There are a substantial number of breaking changes in the 0.7.0 release.
Please see 070_MIGRATION.md for instructions regarding migrating old code.
Scheduler
The scheduler configuration has been moved from the @schedules decorator to DagsterInstance.
Existing schedules that have been running are no longer compatible with current storage. To
migrate, remove the scheduler argument on all @schedules decorators:
Finally, if you had any existing schedules running, delete the existing $DAGSTER_HOME/schedules
directory and run dagster schedule wipe && dagster schedule up to re-instatiate schedules in a
valid state.
The should_execute and environment_dict_fn argument to ScheduleDefinition now have a
required first argument context, representing the ScheduleExecutionContext
Config System Changes
In the config system, Dict has been renamed to Shape; List to Array; Optional to
Noneable; and PermissiveDict to Permissive. The motivation here is to clearly delineate
config use cases versus cases where you are using types as the inputs and outputs of solids as
well as python typing types (for mypy and friends). We believe this will be clearer to users in
addition to simplifying our own implementation and internal abstractions.

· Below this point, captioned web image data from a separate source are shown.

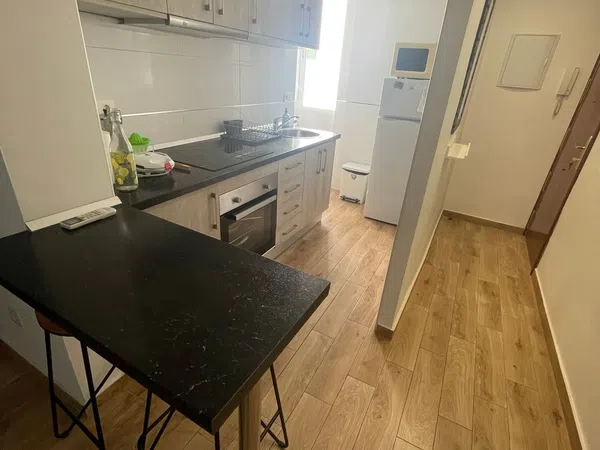 Piso en Calle Córdoba, 3, Barrio de los Periodistas, Barrio de los Periodistas - Foto 6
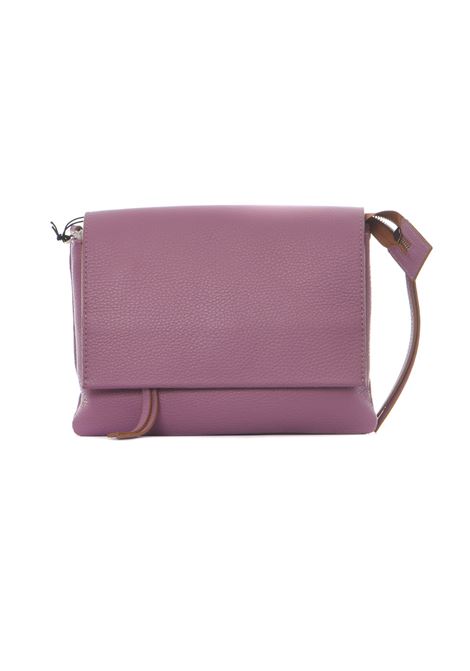 borsa modello three Gianni Chiarini | BS436413307
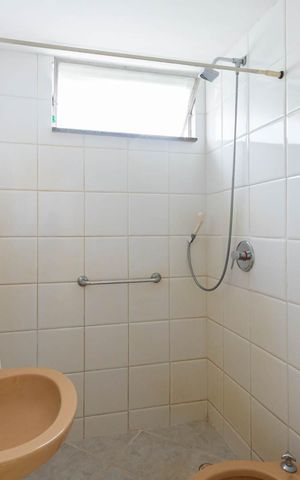 Apartamento à venda com 66m², 2 quartos e 1 vagaBanheiro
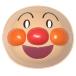 маска Anpanman 1 листов подарок игрушка Children's Meeting праздник жребий скидка . день ребенок ланч 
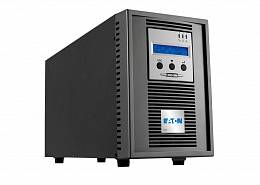 Eaton EX 1500VA Tower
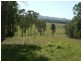 Lot 6&7, 00 Gobberts Road, Yandina QLD 4561
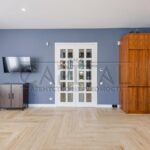 Оренда будинку 240м², 18 соток, Любимівка | 10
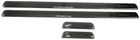 MICHELIN Parking protector portiere - nero (9 591)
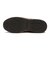 RPL-ML0031W　Open Road Taconic Slip on　BRANDY　677857-0001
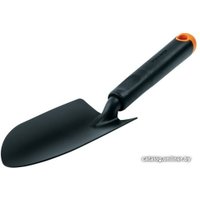 Тяпка Fiskars 1027017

Our recommended fix is not to use Shape and Array, but instead to use our new condensed
config specification API. This allow one to use bare dictionaries instead of Shape, lists with
one member instead of Array, bare types instead of Field with a single argument, and python
primitive types (int, bool etc) instead of the dagster equivalents. These result in
dramatically less verbose config specs in most cases.
So instead of
from dagster import Shape, Field, Int, Array, String
# ... code
config=Shape({ # Dict prior to change
'some_int' : Field(Int),
'some_list: Field(Array[String]) # List prior to change
})
one can instead write:
config={'some_int': int, 'some_list': [str]}
No imports and much simpler, cleaner syntax.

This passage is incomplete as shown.